Partout où IDFM a privilégié le critère prix, les conditions de travail et les conditions de transport ont été dégradées à l’image des réseaux de Melun-Val-de-Seine, du plateau de Saclay, du Vexin, etc.

« Stop galère »

La mise en concurrence et les conditions de travail actuelles et futures affectent gravement la qualité de service et la sécurité des usagers. Ces dégradations engendrent d’ores et déjà le mécontentement des usagères et usagers ainsi que des mouvements sociaux parfaitement légitimes.

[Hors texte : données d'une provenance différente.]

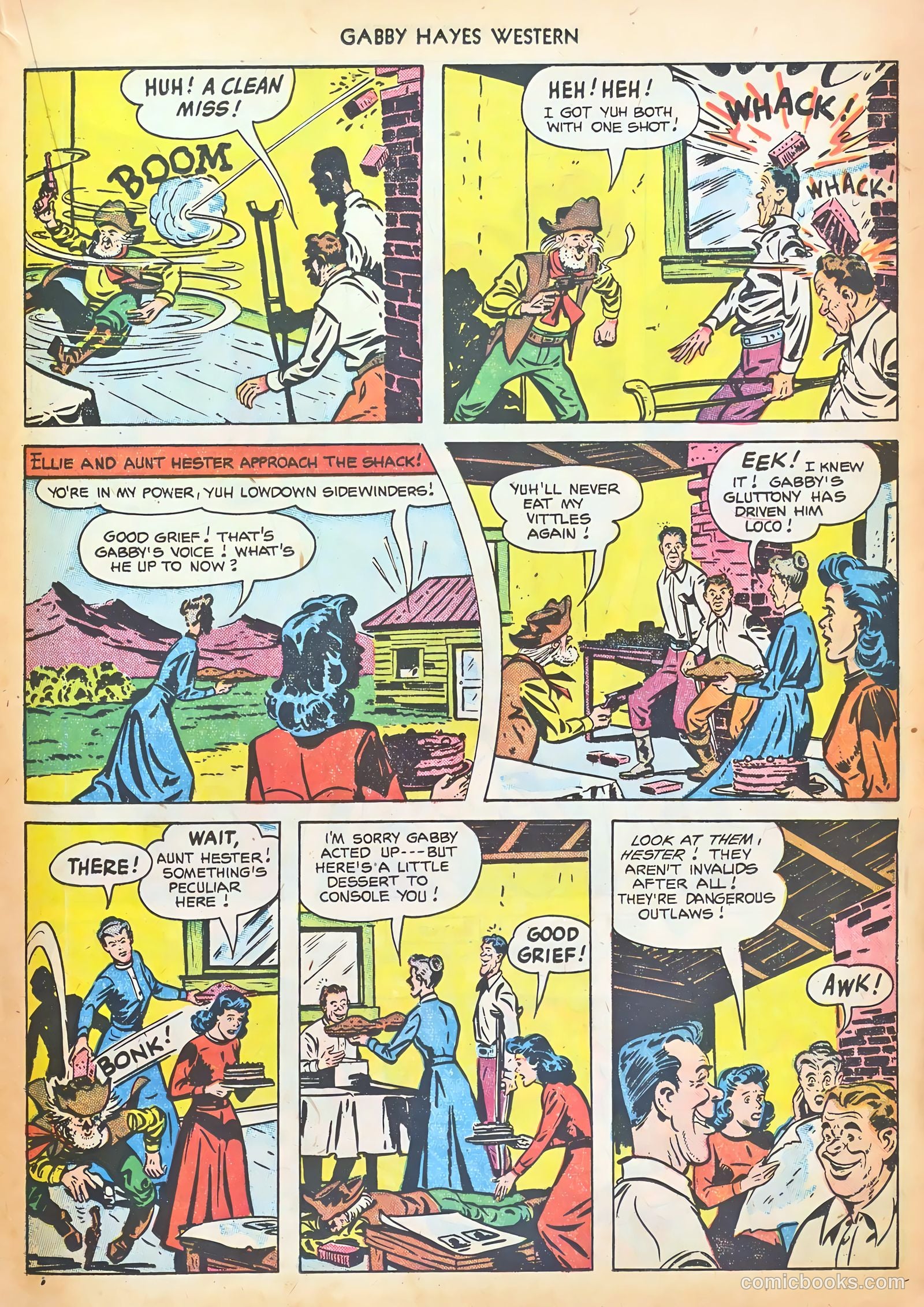 Gabby Hayes Western #43 (1952) — page 21 of 36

Ces éléments factuels et le processus implacable de préparation du transfert d’une partie du personnel expliquent pour partie la pénurie historique de conductrices et de conducteurs enregistrée, avec une plus forte intensité en Ile-de-France. Ils sont également l’une des causes des démissions massives de machinistes-receveurs largement relayées dans la presse et non démenties par la direction générale de la RATP.

De notre point de vue, la privatisation de l’exploitation des bus démontre les dangers de la mise en concurrence et de cette façon de concevoir les appels d’offres et les délégations de service public propices au dumping social. Le processus en cours n’est ni bénéfique pour les usagères et usagers, ni pour les salariés et les salariées, ni pour l’économie francilienne, ni pour l’intérêt général.

Depuis plusieurs mois, à l’initiative des groupes politiques de la gauche et des écologistes du conseil régional, un collectif d’élus, de salariés des transports, d’associations et d’organisations syndicales dénoncent ce processus. Sous le mot d’ordre « Stop galère », plus de 50 000 parrainages citoyens ont été recueillis et plusieurs dizaines de milliers de personnes ont été rencontrées au cours de réunions publiques et de rencontres de rue.

Le collectif Stop galère auquel nous appartenons demande le retour effectif de l’offre à 100 %, le retour à des transports publics, et de qualité, par le déploiement de nouvelles ressources de financement et l’abandon de la privatisation des lignes exploitées par la RATP et la SNCF.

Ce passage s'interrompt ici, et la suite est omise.